**What you should do:**
Output all of the lines below exactly, and leave out each image.

**Collected data:**
#####
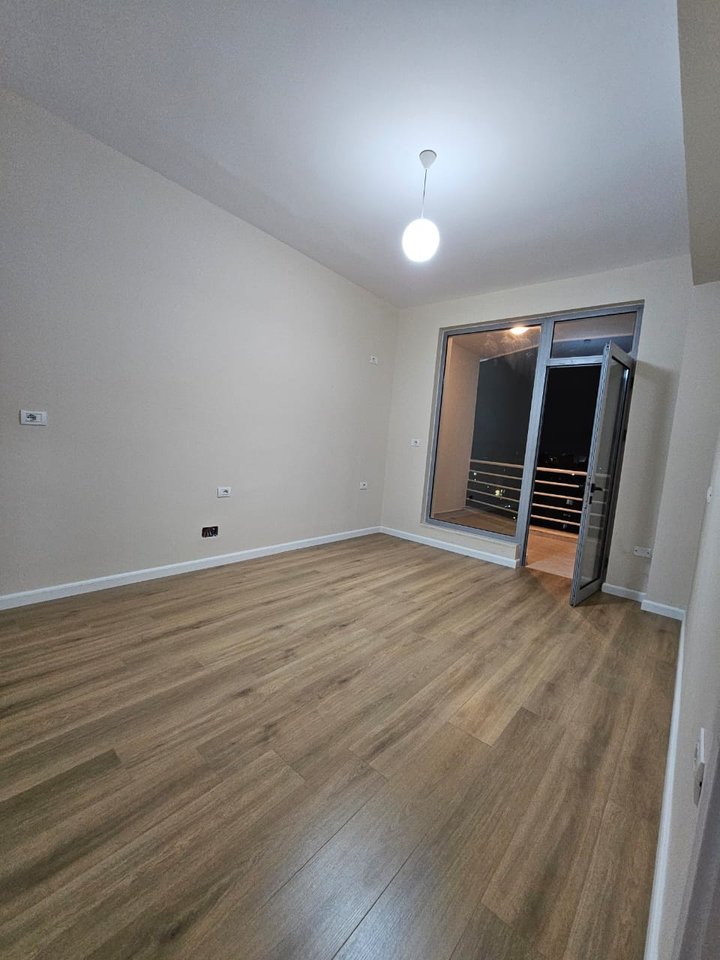 SHITET APARTAMENT 1+1 – RRUGA E KAVAJËS, PËRBALLË DELIJORGJIT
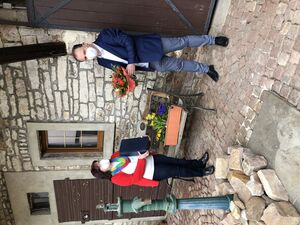 Die Vorsitzende des Gemeindeverbandes Claudia Maschemer gratuliert zur gewonnenen Wahl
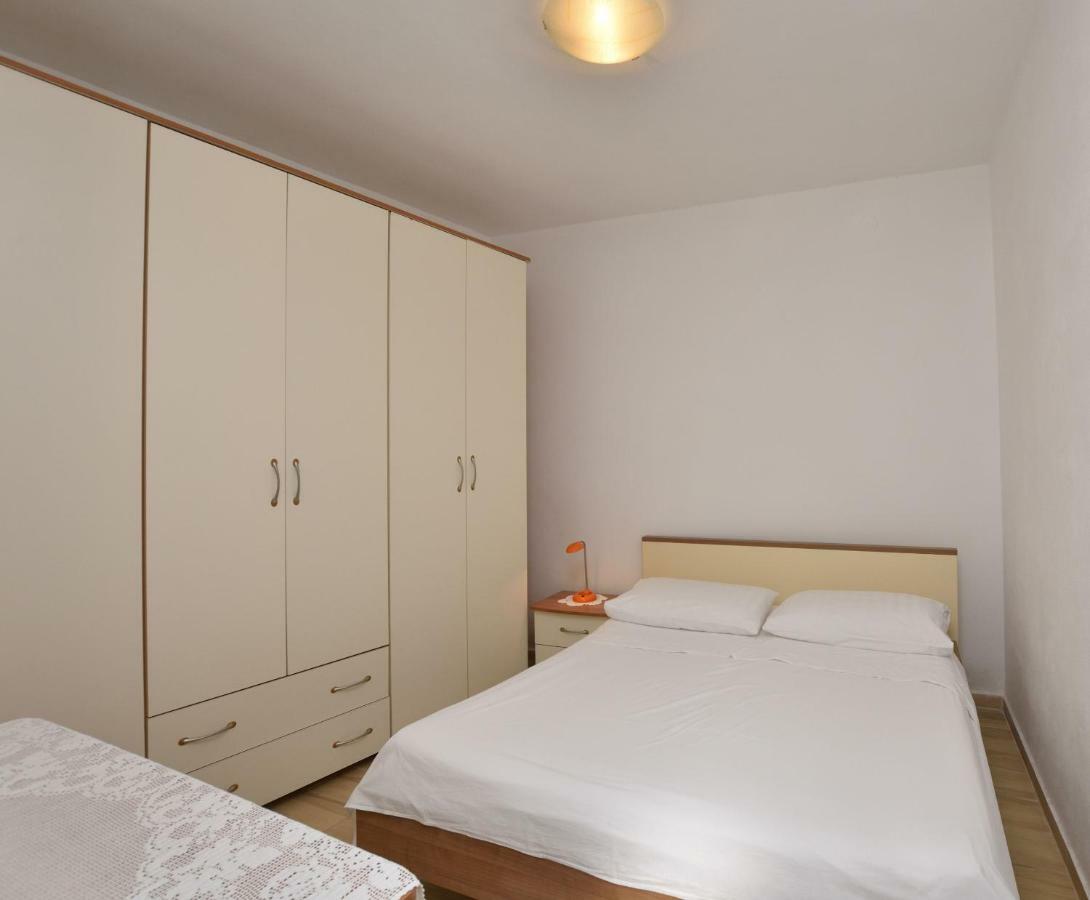 Apartment Milka Primošten Kültér fotó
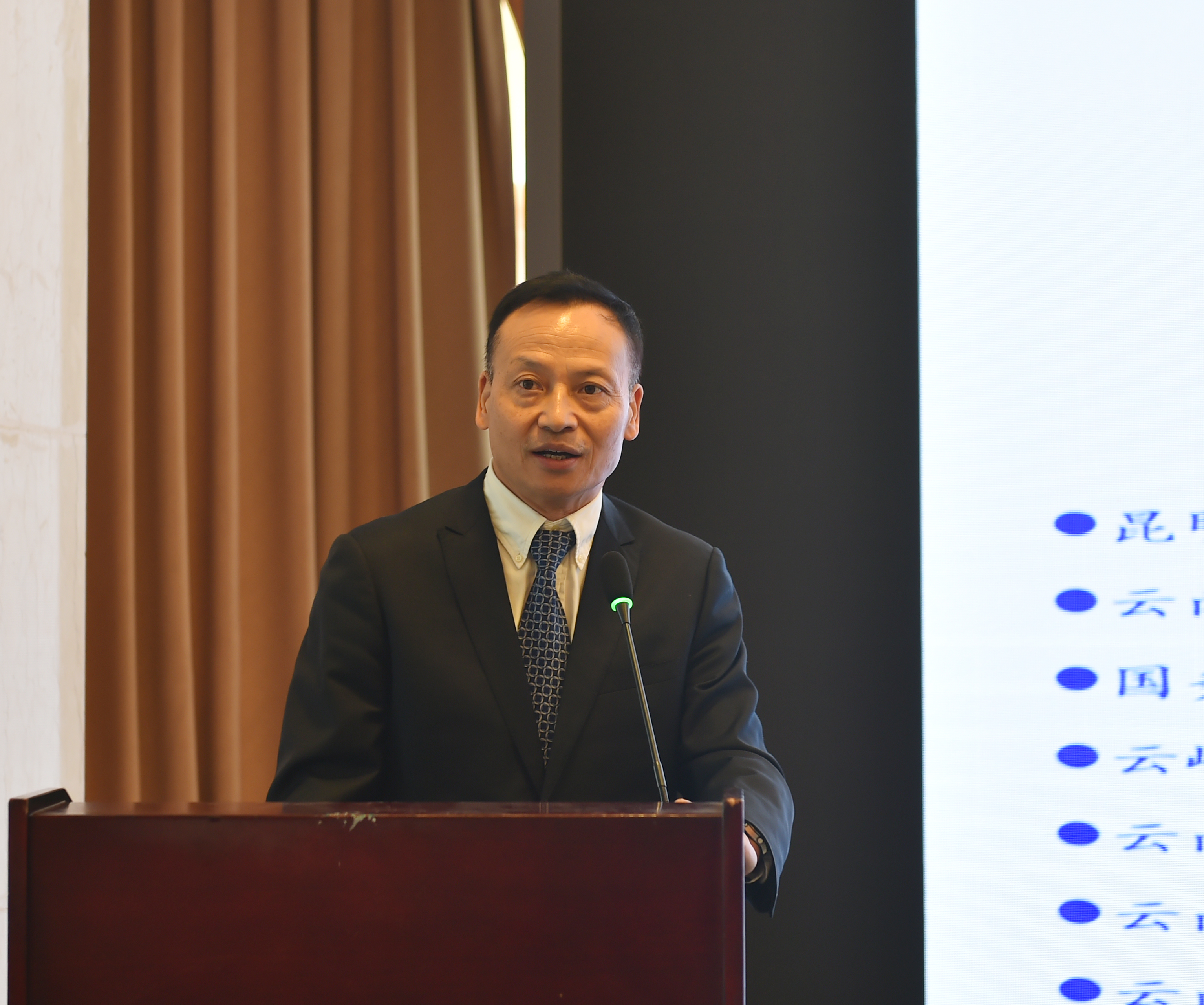 16937945909865.jpg 16937945909865.jpg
#####
**Written reply:**
 SHITET APARTAMENT 1+1 – RRUGA E KAVAJËS, PËRBALLË DELIJORGJIT
 Die Vorsitzende des Gemeindeverbandes Claudia Maschemer gratuliert zur gewonnenen Wahl
 Apartment Milka Primošten Kültér fotó
 16937945909865.jpg 16937945909865.jpg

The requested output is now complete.